Task objective: Within the records below, find the line with "Apple iPhone 13" and the line with "The Last Supper", then reproduce exactly those two lines and all lines between them, without any picture.

Data records:

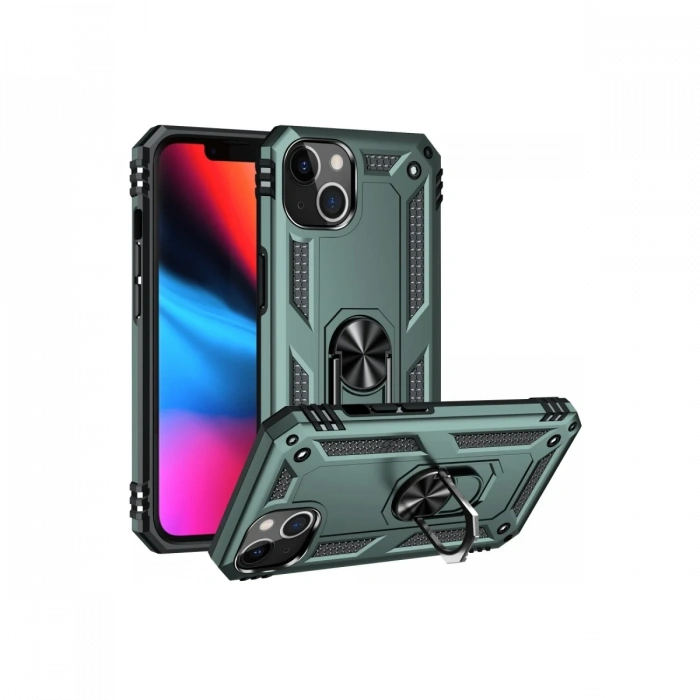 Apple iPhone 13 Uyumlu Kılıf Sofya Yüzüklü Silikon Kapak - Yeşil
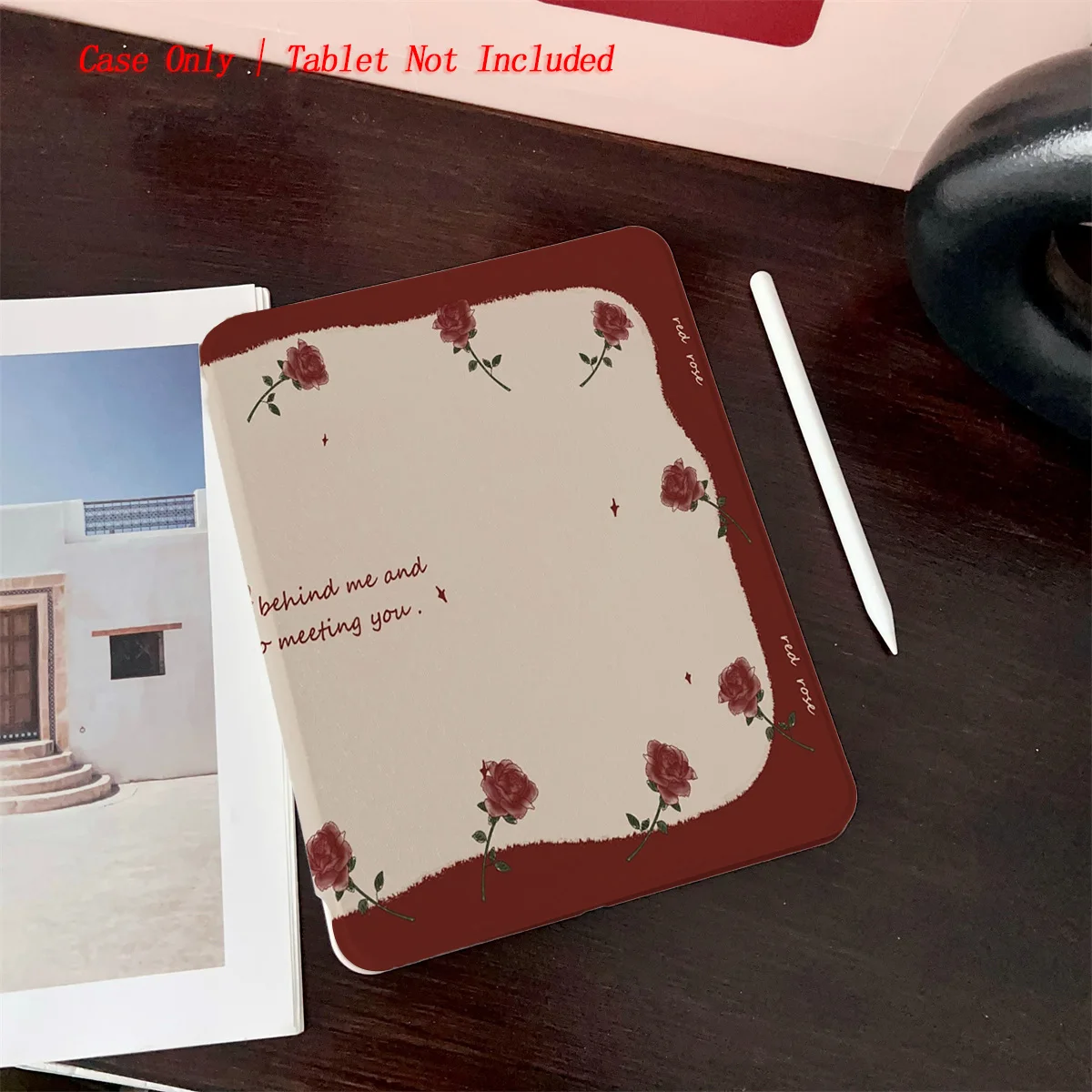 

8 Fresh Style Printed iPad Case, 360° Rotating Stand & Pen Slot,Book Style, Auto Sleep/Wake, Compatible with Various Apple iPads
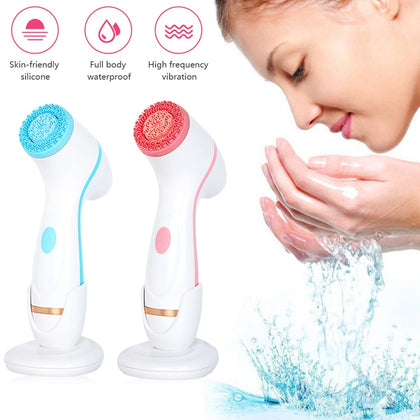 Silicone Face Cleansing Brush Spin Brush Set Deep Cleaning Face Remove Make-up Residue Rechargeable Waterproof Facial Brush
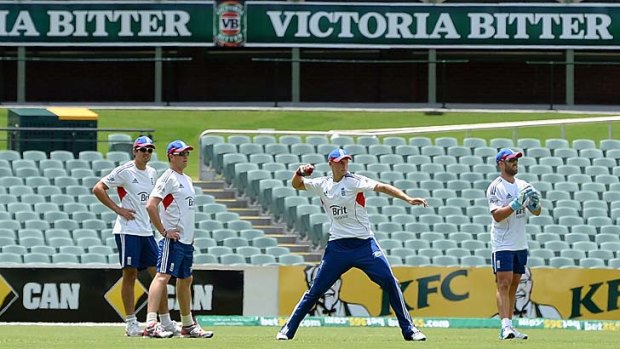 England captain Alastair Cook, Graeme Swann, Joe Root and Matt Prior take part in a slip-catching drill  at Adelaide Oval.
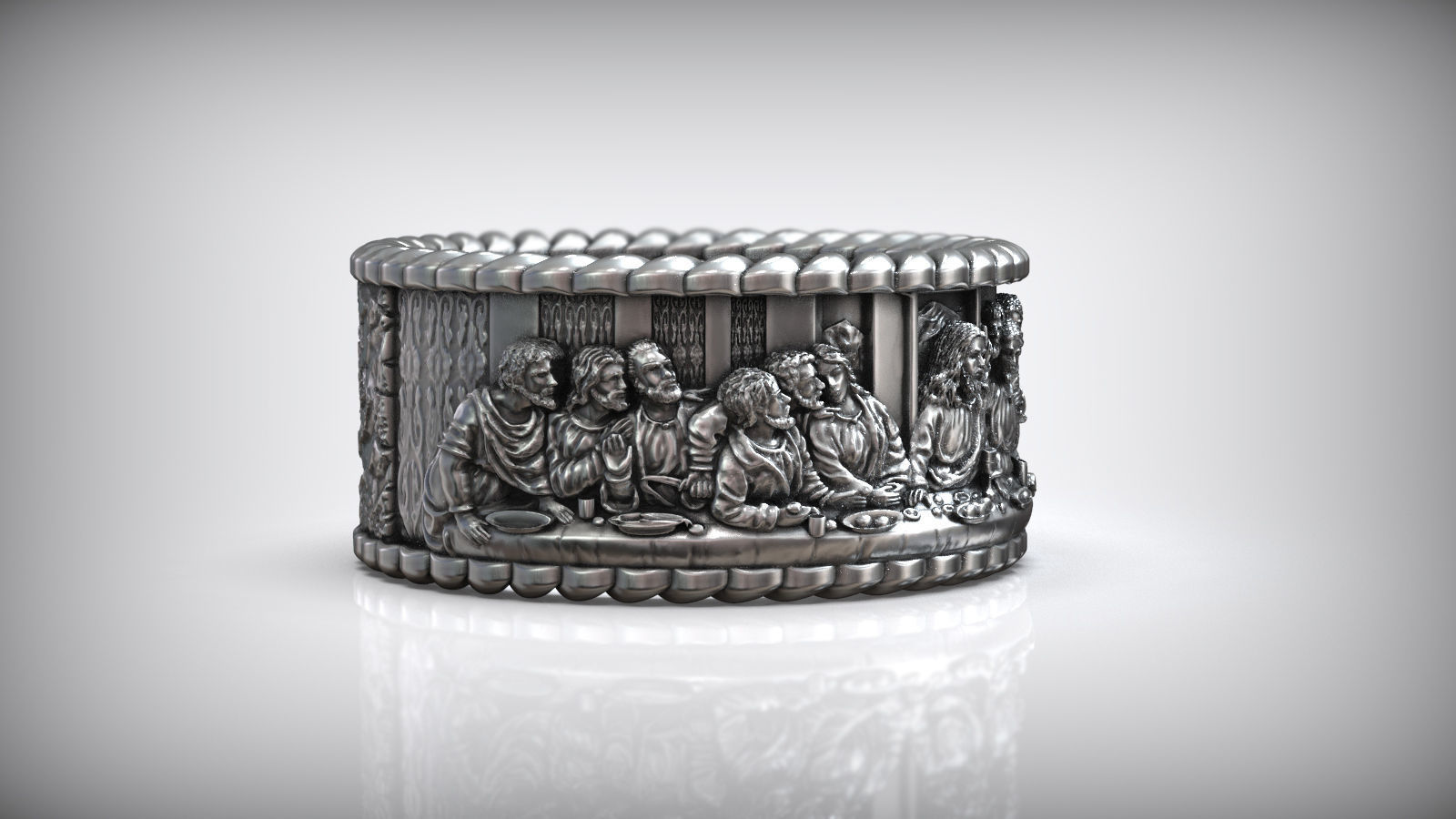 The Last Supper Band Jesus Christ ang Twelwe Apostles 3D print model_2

---

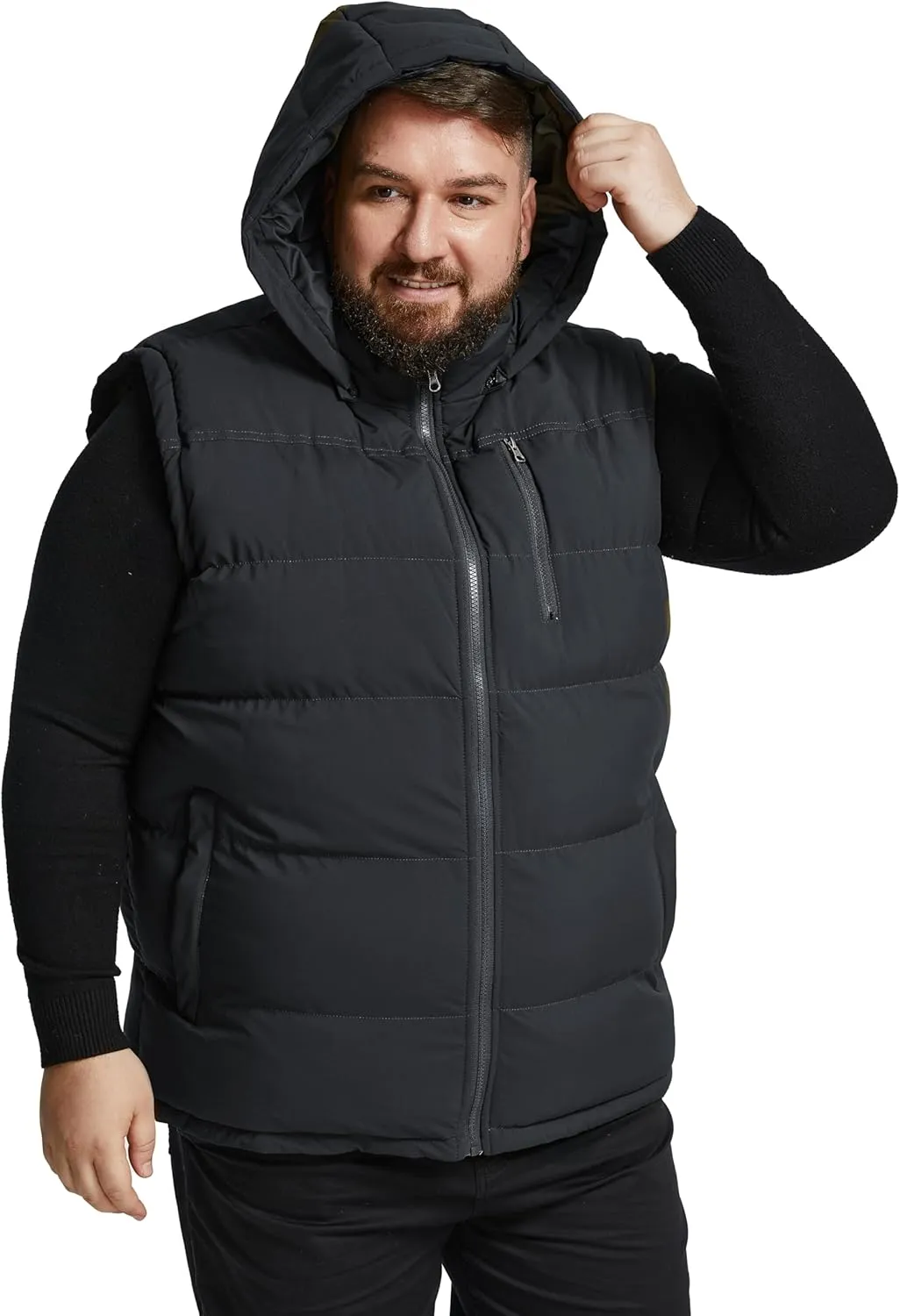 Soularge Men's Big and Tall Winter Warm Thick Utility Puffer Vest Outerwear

Exercise answer:
 Apple iPhone 13 Uyumlu Kılıf Sofya Yüzüklü Silikon Kapak - Yeşil

8 Fresh Style Printed iPad Case, 360° Rotating Stand & Pen Slot,Book Style, Auto Sleep/Wake, Compatible with Various Apple iPads
 Silicone Face Cleansing Brush Spin Brush Set Deep Cleaning Face Remove Make-up Residue Rechargeable Waterproof Facial Brush
 England captain Alastair Cook, Graeme Swann, Joe Root and Matt Prior take part in a slip-catching drill  at Adelaide Oval.
 The Last Supper Band Jesus Christ ang Twelwe Apostles 3D print model_2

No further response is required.